DATA EXTRACT:
--- START ---
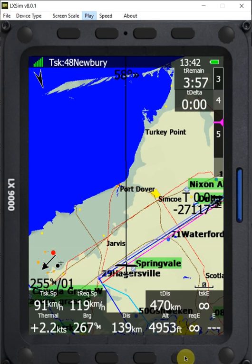In this video I want to take a look at when you're flying a task and you've gone past a turn point and accidentally advanced to the next turn point too many times. So instead of navigating to the second turn point you're going to the third turn point, and you want to be able to reset your computer and get back to turn point 2 instead of turn point 3.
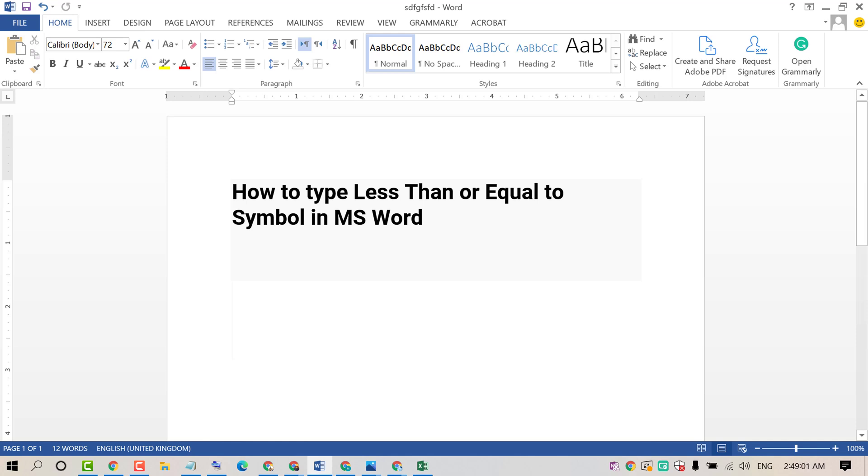Hello and welcome guys. Today in this video I'm going to show you how to type less than or equal to symbol in MS Word document.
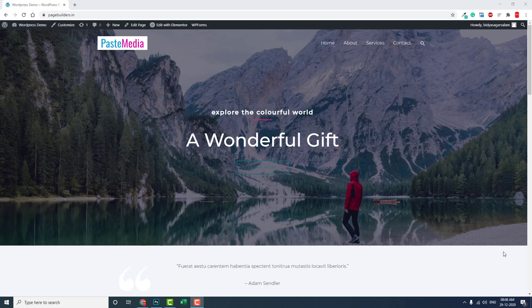Hello everyone, this is Biteshka Salaam from PaceMedia. In this short video, let me talk about designing a logo for your transparent header. This applies to all types of headers, but it is much more important for transparent headers. As you can see, this PaceMedia logo is too ugly — there is a white background in this logo image, and this is not what we want.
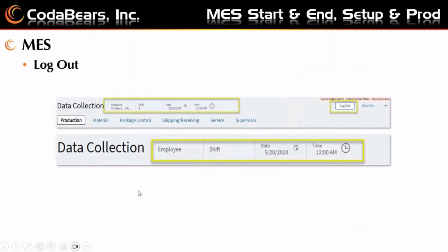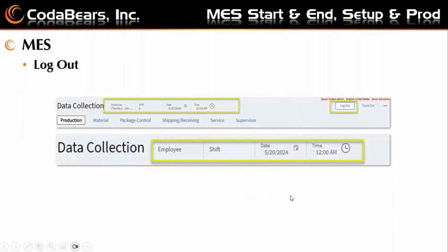The next slide shows how you log out of MES. In the first picture you can see the user, the shift, the date and time — showing this user was logged in starting at 10:35 on 5/20. If Charles wants to log out so someone else can log in, he can click the log out button. The second picture shows the status indicating Charles is now logged out — it doesn't show his name, his shift, and just shows 12 a.m. on the same date.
--- END ---
Could you retype each line of the material above exactly, skipping the pictures?

In this video I want to take a look at when you're flying a task and you've gone past a turn point and accidentally advanced to the next turn point too many times. So instead of navigating to the second turn point you're going to the third turn point, and you want to be able to reset your computer and get back to turn point 2 instead of turn point 3.
Hello and welcome guys. Today in this video I'm going to show you how to type less than or equal to symbol in MS Word document.
Hello everyone, this is Biteshka Salaam from PaceMedia. In this short video, let me talk about designing a logo for your transparent header. This applies to all types of headers, but it is much more important for transparent headers. As you can see, this PaceMedia logo is too ugly — there is a white background in this logo image, and this is not what we want.
The next slide shows how you log out of MES. In the first picture you can see the user, the shift, the date and time — showing this user was logged in starting at 10:35 on 5/20. If Charles wants to log out so someone else can log in, he can click the log out button. The second picture shows the status indicating Charles is now logged out — it doesn't show his name, his shift, and just shows 12 a.m. on the same date.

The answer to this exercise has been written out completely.